25. Corporate Governance:
As per the provisions of Securities and Exchange Board of India (Listing Obligations
and Disclosures Requirements) Regulations, 2015, the provisions of Corporate Governance
are not applicable to your Company. Thus, the Company is not required to annex a Report on
Corporate Governance.
26. Management Discussion & Analysis Report:
As required under Regulation 34 read with Schedule V(B) of SEBI (Listing Obligation and
Disclosure Requirements), Regulations, 2015, report on "Management Discussion and
Analysis" is attached as Annexure I and forms a part of this Report.
27. Extract of annual return:
In accordance with Section 134(3)(a) read with Section 92(3) of the Act, the Annual
Return in Form MGT-7 is placed on the website of the Company and same can be downloaded by
clicking on the following link: https://starcominfotech.com/investors.aspx
28. Particulars of Employees:
The information required to be disclosed with respect to the remuneration of Directors
and KMPs in the Directors' Report pursuant to Section 197(12) of the Companies Act, 2013
read with Rule 5(1) of the Companies (Appointment and Remuneration of Managerial
Personnel) Rules, 2014 is attached as Annexure II.
There was no employee drawing remuneration more than the limit mentioned under Rule
5(2)(i) to (iii) of the Companies (Appointment and Remuneration of Managerial Personnel)
Rules, 2014.
The names of top ten employees of the Company in terms of remuneration drawn as
required pursuant to Section 197 of the Companies Act, 2013, read with Rule 5(2) of the
Companies (Appointment and Remuneration of Managerial Personnel) Rules, 2014 read with the
Companies (Appointment and Remuneration of Managerial Personnel) Amendment Rules, 2016 is
set out as Annexure III.
The Company does not have any Holding Company or Fellow Subsidiary Company and thus,
provision w.r.t. receipt of commission from them is not applicable.
29. Health, Safety and Environment:
Your Board is committed to highest standards of providing healthy environment for
safety of its employees and your Board reviews the same from time to time.
30. Gender-Wise Employee Strength
As on 31st March 2025, the total number of employees on the rolls of the
Company is as follows:
Male: 25
Female: 7
Transgender: Nil
This disclosure is made in accordance with the Companies (Accounts) Second Amendment
Rules, 2025, and reflects the Company's commitment to transparent reporting and inclusive
workforce representation.

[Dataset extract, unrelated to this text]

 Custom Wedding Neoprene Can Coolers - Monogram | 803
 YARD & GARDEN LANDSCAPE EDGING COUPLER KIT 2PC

The Company continues to promote diversity and equal opportunity
across all levels of its operations.
31. Particulars of Loans, Guarantee & Investment:
Details of loans, guarantees and investments under the provisions of section 186 are
given in notes to financial statements.
32. Directors' responsibility statement:
The financial statements are prepared in accordance with Indian Accounting Standards
(Ind AS) under the historical cost convention on accrual basis except for certain
financial instruments, which are measured at fair values, the provisions of the Companies
Act, 2013 (to the extent notified) and guidelines issued by SEBI. The IND AS are
prescribed under Section 133 of the Companies Act, 2013 read with Rule 3 of the Companies
(Indian Accounting Standards) Rules, 2015 and Companies (Indian Accounting Standards)
Amendment Rules, 2016. Accounting policies have been consistently applied except where a
newly-issued accounting standard is initially adopted or a revision to an existing
accounting standard requires a change in the accounting policy hitherto in use.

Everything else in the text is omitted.